Chemical production hardly growing
Production in the European chemical and pharmaceutical industry was volatile last year. There was an intermediate high in the summer before the industry slashed production significantly in the fourth quarter. Nevertheless, growth of 1.9% was recorded for the full year 2018. However, the industry owed growth to the pharma business alone. By contrast, chemical production excluding pharmaceuticals had to cope with a slight decline. At the beginning of the year, the situation brightened up a bit. Compared to the previous three months, companies were able to increase production by 2% in the first quarter (chart 2). While orders from abroad grew again, European industrial customers were holding back on their chemical orders.
First figures for the second quarter indicate that the momentum remains low. According to recent estimates, EU chemical production increased by around 2% in the first half of 2019. However, there are clear differences in the individual categories of chemicals. The industry owes this growth exclusively to the production of inorganic raw materials and pharmaceutical products. While fine and specialty chemicals and consumer chemistry are stagnating, the production of petrochemicals and polymers has seen a significant decline year-on-year. For the chemicals business excluding pharmaceuticals, this will only stagnate in the first half of the year (chart 3).
Volatile chemicals prices
While pharmaceutical prices remained stable in 2018 as in previous years, the price of chemicals followed developments on the crude oil exchanges. In the course of the year, the price of chemicals initially rose sharply and then dropped significantly in the fourth quarter (chart 4). At the beginning of 2019, the price decline initially continued. It was not until March that the prices for chemicals rose again slightly. Weak demand on the one hand and only slightly rising raw material costs on the other hand narrowed companies’ pricing power. Producer prices for chemical and pharmaceutical products were down 1.3% in the first quarter of 2019 compared to the end of 2018. Chemicals were still 1% higher.
Although the price of crude oil rebounded in the course of the first quarter after the sharp slump at the end of 2018. However, inflation initially remained moderate. In total, one barrel of Brent crude oil cost an average of $ 63 in the first quarter, about 6% less than in the previous three months.
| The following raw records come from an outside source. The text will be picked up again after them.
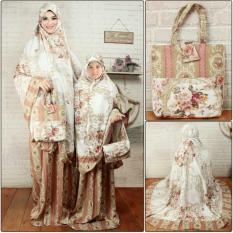 Kembar Couple Stelan Mukena Ibu&Anak Katun Adem Samantha Brown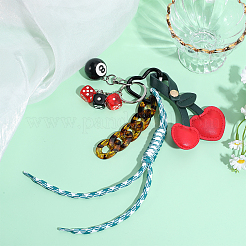Cherry PU Leather & Polyester Pendant Decorations&nbsp;HJEW-WH0068-83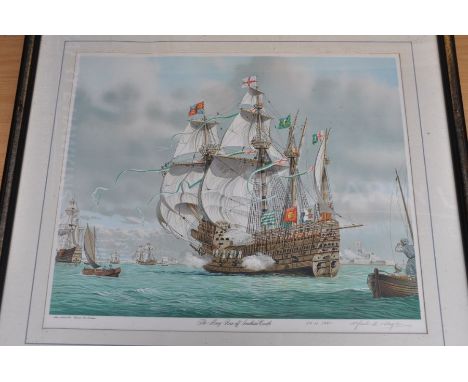 After Mark R Myers RSMA - a pair of pictures of The Ark Royal engages the Spanish Flagship 70.5 x 60.5 cm framed and The Mary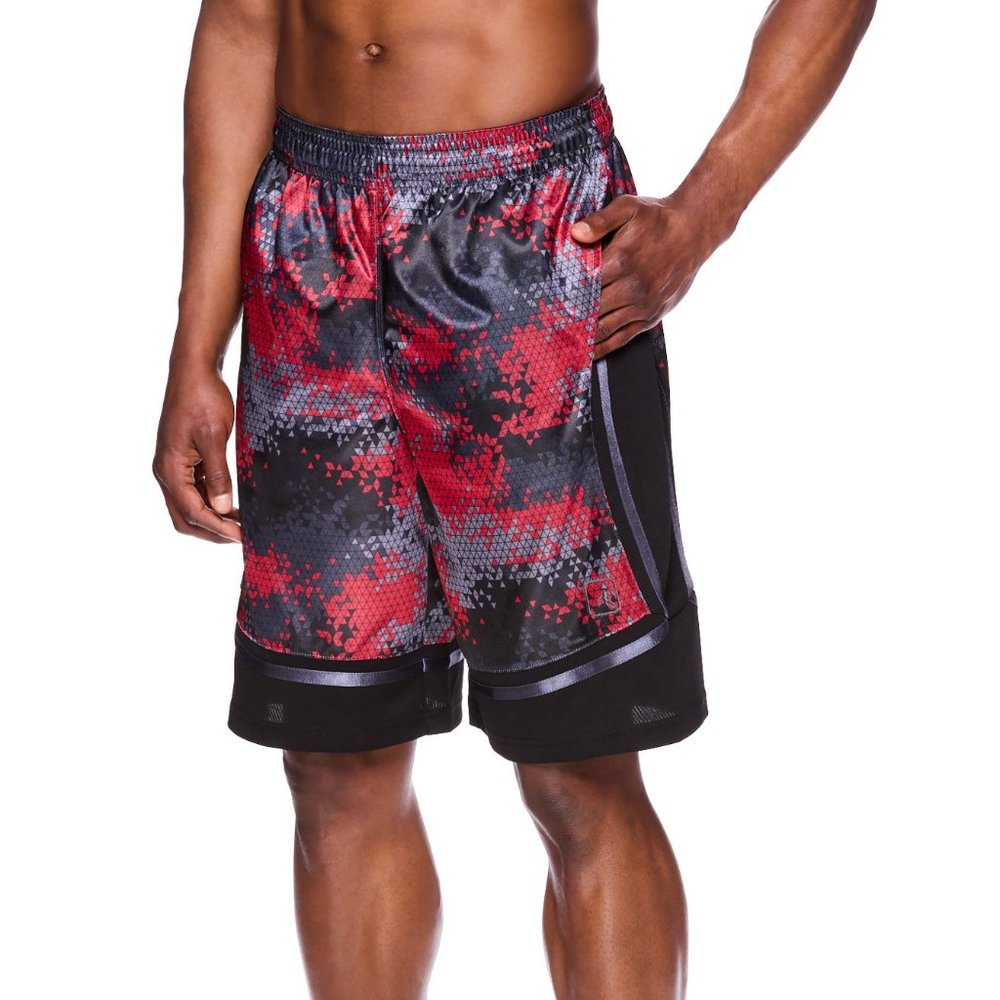 🏀⛹️11" Long Basketball Shorts w/Pockets ! BLACK base/RED/GREY Athletic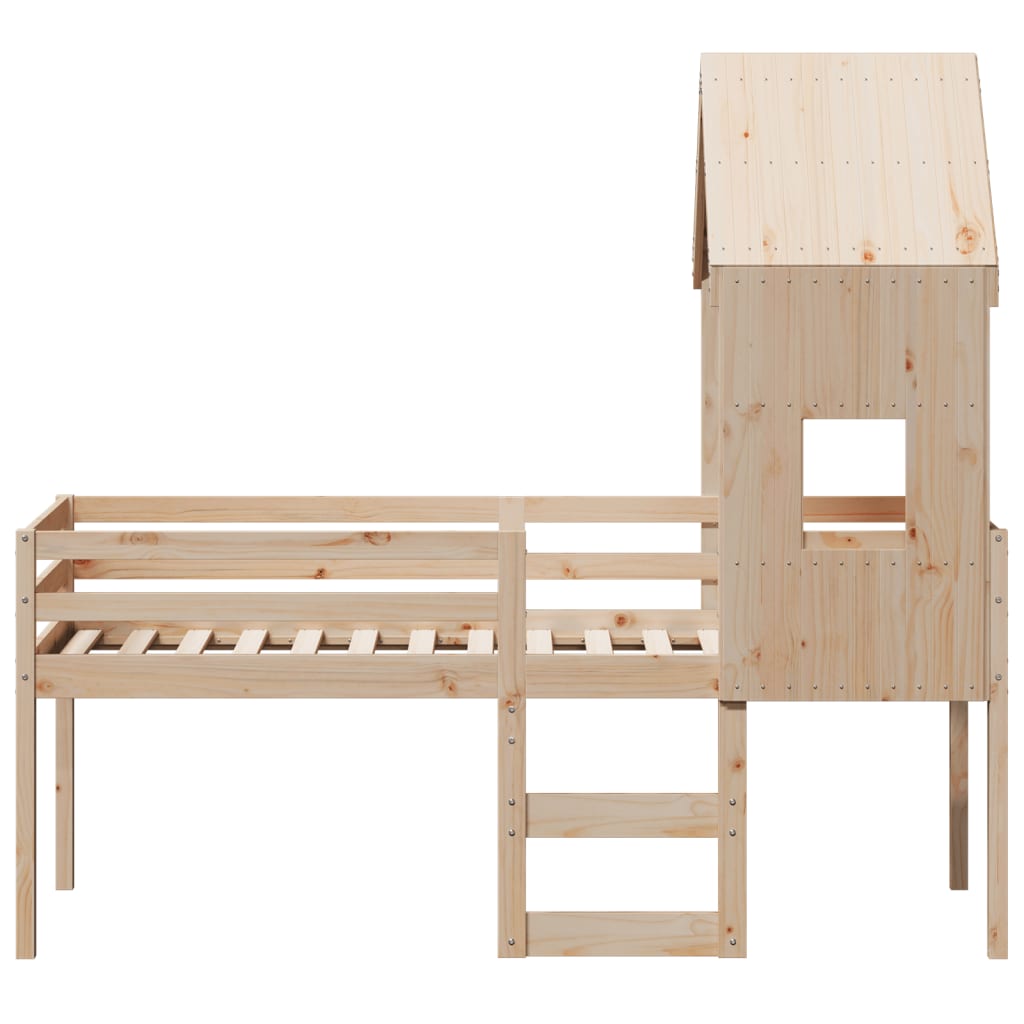 Høyseng med tak 90x200 cm heltre furu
Big differences in growth in the EU countries
At the beginning of the year, the chemicals business was very different in the European economies. A look at the production of major European chemical countries shows a growth differential of +18% in Belgium to -6% in Germany. In Germany, a special effect on pharmaceuticals, the hesitant normalization following the low water levels on the Rhine and the weak automotive economy are putting pressure on the chemicals business, while Belgian basic chemicals are benefiting from the situation at the mouth of the Rhine. In the UK, the chemical industry grew strongly thanks to pharmaceuticals and aggro chemicals. In Poland, capacity building was noticeable in a significant increase. The remaining EU countries recorded mostly slight declines in production (chart 5).
Outlook: momentum remains low
Despite numerous economic risks, the start of the year was pleasing overall for the European chemical and pharmaceutical industries. The industry was able to expand production at the beginning of the year following the setbacks of previous months. However, this should not be seen as the beginning of an upturn, but is rather the normalization after the previous declines. Momentum remained low. Prices rose again slightly due to rising commodity prices.
For the coming months, the companies hope for an increasing demand. In the European economies, the buoyancy forces should prevail. But the industrial economy continues to lose momentum. Against this background, no major leaps are to be expected in the chemicals business. Thanks to the good pharmaceutical business, the VCI expects total production for the industry as a whole to rise by 2.5% in the chemical industry in 2019. Excluding the pharma business, the industry can only record a slight increase in production of 1%. However, setbacks can not be ruled out given the global economic risks.